GitHub Actions' hosted runners work this way by default. For self-hosted setups, tools like GitHub's Actions Runner Controller (ARC), GitLab's Runner Autoscaler, or custom solutions using cloud APIs can spin up fresh VMs on demand. Gitea Actions with containerized runners achieves the same effect when configured with --ephemeral.
The downside is cold-start overhead. Spinning up a fresh VM takes time (typically 30-90 seconds), and there is no warm cache from previous runs. This is a real trade-off, but it is almost always worth it. The time lost to cold starts is predictable and consistent. The time lost to debugging flaky builds, cleaning up runners, and responding to security incidents is unpredictable and often much larger.
Resource limits
If ephemeral runners are not feasible for every job, at minimum enforce resource limits.

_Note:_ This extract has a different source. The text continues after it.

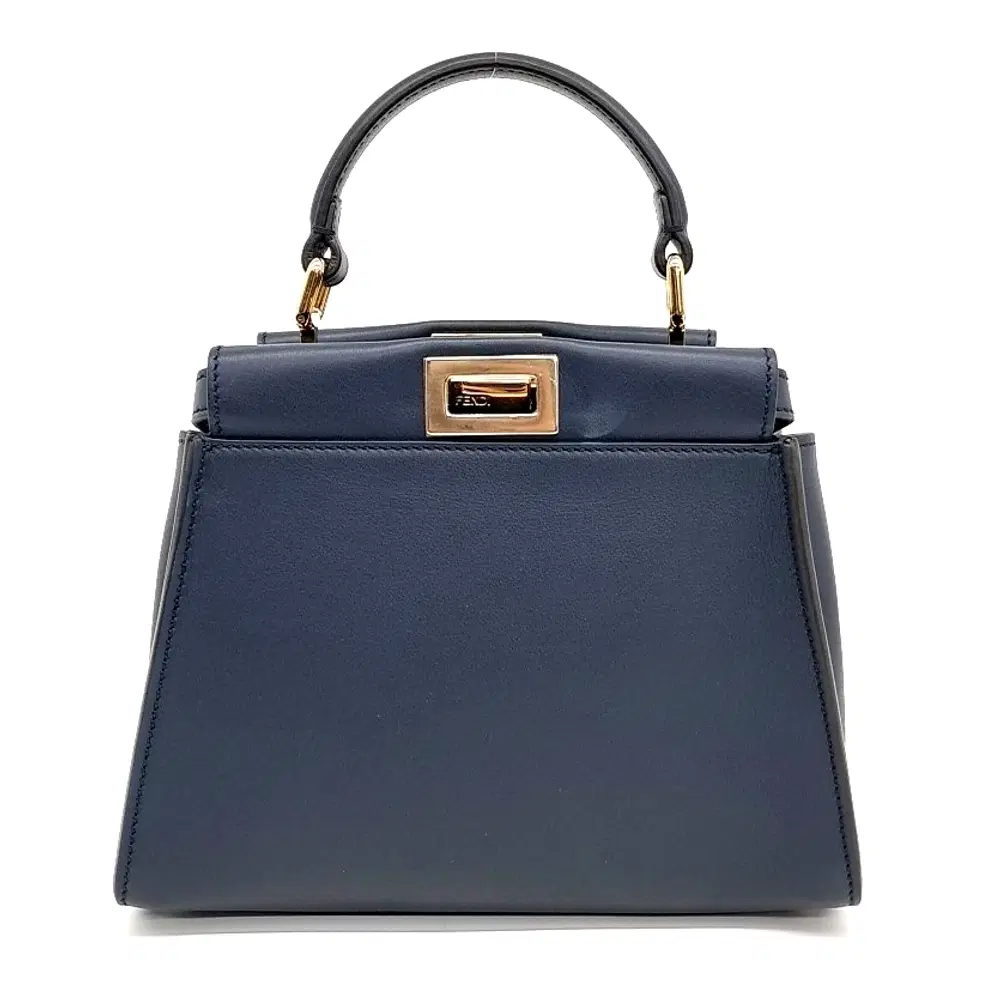 Fendi Peekaboo Mini (8BN244)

Use cgroups to cap CPU and memory for each job. Docker's --cpus and --memory flags (or their equivalents in your CI executor) prevent a single job from starving others. Set reasonable defaults and enforce them at the infrastructure level, not in individual pipeline configurations that developers might forget or override.
Runner pool separation
Separate your runners into pools based on trust level and resource requirements. Sensitive projects (those with production deployment credentials, access to customer data, or privileged infrastructure) should have dedicated runners that no other project can use. Public-facing repositories that accept external pull requests should have their own isolated pool with minimal access to internal resources.

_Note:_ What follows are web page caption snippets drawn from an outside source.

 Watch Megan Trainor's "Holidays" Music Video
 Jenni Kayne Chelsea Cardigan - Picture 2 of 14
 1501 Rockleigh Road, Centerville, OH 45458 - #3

This is not about having a different runner for every project. It is about drawing boundaries where the blast radius of a compromise matters. Three pools (trusted/internal, untrusted/external, and privileged/deploy) cover most organizations.
Sandboxed Docker
If jobs need to build Docker images, do not give them access to the host's Docker daemon. Use rootless Docker, Podman, Kaniko, or BuildKit with user namespace remapping. These tools allow image builds without the privileged access that a shared Docker socket provides.

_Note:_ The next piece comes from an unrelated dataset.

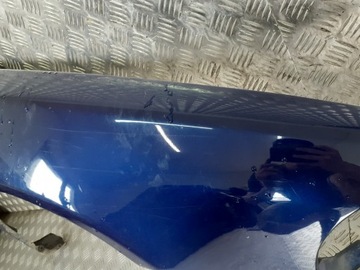 фото thumb №9, Крило правий audi a4 b5 lz5k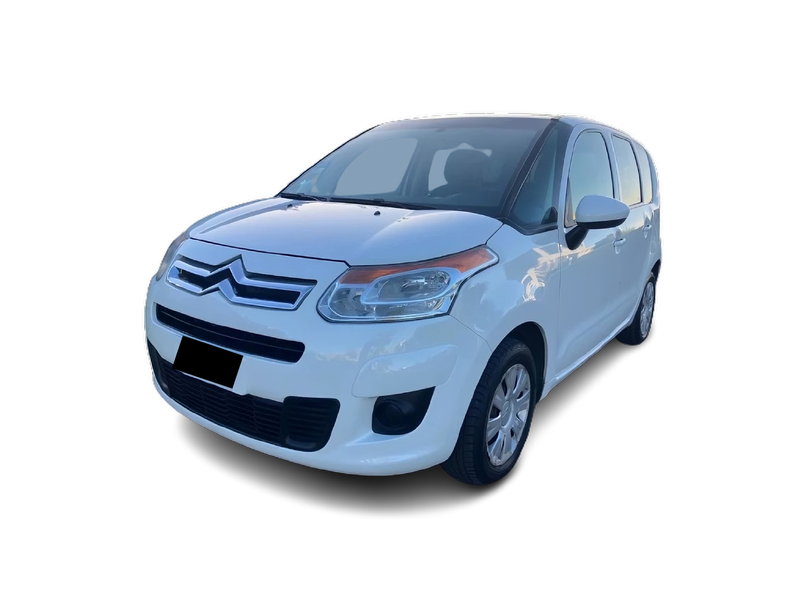 Citroen C3 Picasso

Kaniko in particular is designed for building container images inside containers without requiring a Docker daemon at all. It runs without privileged container access or a Docker socket, though it typically still runs as root within its own container for filesystem operations during image builds. The trade-off is that it does not support every Dockerfile feature, but it covers the vast majority of use cases.
Clean workspace policies
For persistent runners, enforce cleanup at the infrastructure level. Every job should start with a clean workspace. Docker system prune should run between jobs to remove dangling images, stopped containers, and unused volumes. Temp directories should be wiped. This should be enforced by the runner configuration, not left to individual pipeline authors to remember.
# runner cleanup script, runs between jobs
docker system prune -af --volumes 2>/dev/null || true
rm -rf /tmp/ci-* /var/tmp/ci-*
The cost of doing nothing
I understand why this anti-pattern persists. Setting up proper isolation requires upfront investment. Ephemeral runners need infrastructure automation. Runner pools need management. Sandboxed Docker requires changes to existing build processes. When everything seems to be working, it is hard to justify the effort.
But the costs of shared runners without isolation are real. They are just spread thin and hidden in developer frustration, intermittent build failures that nobody can explain, and security exposure that nobody measures until it is exploited. Every hour a developer spends re-running a flaky build or debugging a "works on fresh runner" issue is an hour not spent delivering value.
If any project on your shared runners handles sensitive data or deploys to production, a compromise of the runner infrastructure is a compromise of all of those projects simultaneously.
Ephemeral runners with proper resource limits are the standard for a reason. The cold-start overhead is a known, bounded cost. The alternative is an unknown, unbounded risk. In my experience, that is not a trade-off worth making.